Amei demais, pensava eu para me explicar o tombo e a minha morte depois de ti. Amei demais, desculpava-me eu para encontrar paredes onde me agarrar para levantar-me do chão. E em todas as paredes havia sombras e nenhum sol com calor suficiente. E as saudades dos anos por onde passei contigo encontrei-as espalhadas em todas as ruas e em todos os sítios onde não consegui voltar porque tu e eu, para sempre, ali moramos. Amei demais, julgava eu, e tudo o que dei perdi por amar demasiado. Mas enganei-me. Depois de tantos anos à procura de ti e de mim, não pode ter sido por amar demais que nos perdemos, porque o Amor não tem medida, é a proporção divina.

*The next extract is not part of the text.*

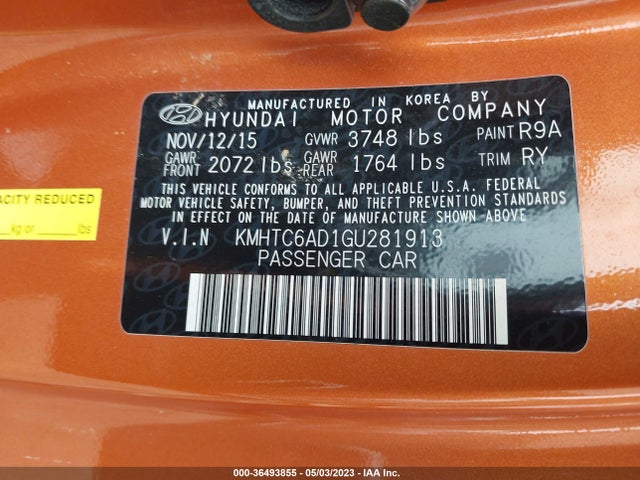 Hyundai VELOSTER 2016 KMHTC6AD1GU281913 Image 10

Demais foi a nossa imperfeição humana que, tão estupidamente, nos tornou pequenas para abraçar esse Amor que nos chora ainda por ser, em ti, distante e, em mim, tão infinito. Amar demais é um pensamento banal e nós, ainda que imperfeitas, nunca seremos banais uma na outra.

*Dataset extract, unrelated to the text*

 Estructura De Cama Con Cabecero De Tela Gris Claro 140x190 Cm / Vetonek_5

domingo, 4 de agosto de 2013

Milhares de razões

Britta Jaschinski

Gostava tanto de poder dizer que te encontrei. Gostava tanto de dizer que passei por ti entre milhares de gentes e os meus olhos te encontraram e em ti ficaram. Gostava de ter passado por ti e atrasado o passo para poder guardar-te em pormenores infímos, para hoje ter mais para recordar-te. Gostava tanto de ter sido eu a encontrar-te na vida e não fui. Foste tu quem me encontrou. E essa é a minha eterna dívida contigo que nunca poderei pagar, porque soubeste encontrar-me, eu que te procurei tanto e por todo o lado e não consegui. Depois 'foi fácil' ficares em mim para sempre e 'sem remédio'. Ainda hoje te encontro o sorriso da primeira vez que nos vimos. E, às vezes, quando estás distraìda e baixas a guarda, os teus olhos incendeiam-me na mesma ansiedade dos tempos em que fomos infinitas. Tenho milhares de razões para encontrar-te e sentir-te hoje em mim, as mesmas que, um dia, nos fizeram para sempre. Nenhuma delas mudou, nenhuma delas esqueci.

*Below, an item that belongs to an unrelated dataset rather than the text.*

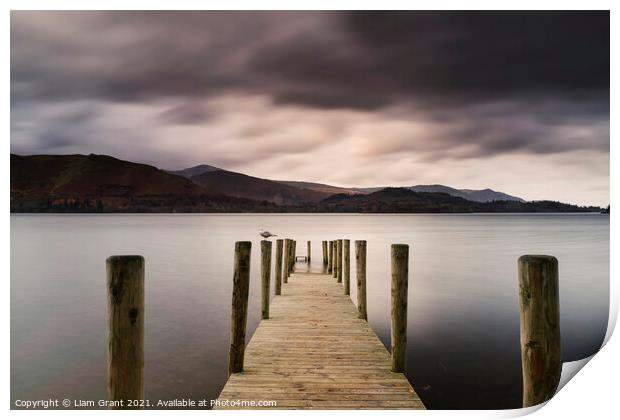 View to Skelgill Bank from Derwent Water. Lake District, UK. Print by Liam Grant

sexta-feira, 2 de agosto de 2013

Floresta

Gerhard Richter

Lá longe havia pontes que atravessávamos vezes sem conta para nos encontrármos sempre a meio caminho. Nesse longe havia forças combinadas que nunca nos abandonavam, mesmo com ventos fortes nos nossos corpos desabrigados. E andávamos depressa e nunca nos cansávamos. E nunca caímos da vontade de sermos infinitas porque nunca soubémos ser, uma na outra, de outra maneira. Lá longe nunca nenhuma tempestade nos deteve porque sabíamos sobreviver escutando o coração. E não sabíamos desistir do que sentíamos porque nos ouvíamos com alma e tínhamos sede do que dizíamos com o olhar. Este tudo eu sei de cor e ainda sou eu, ainda é a melhor parte de mim. O resto são apenas árvores arrancadas do chão nos dias de tempestade. As pontes desapareceram mas a floresta mantém-se de pé, viva e renovada.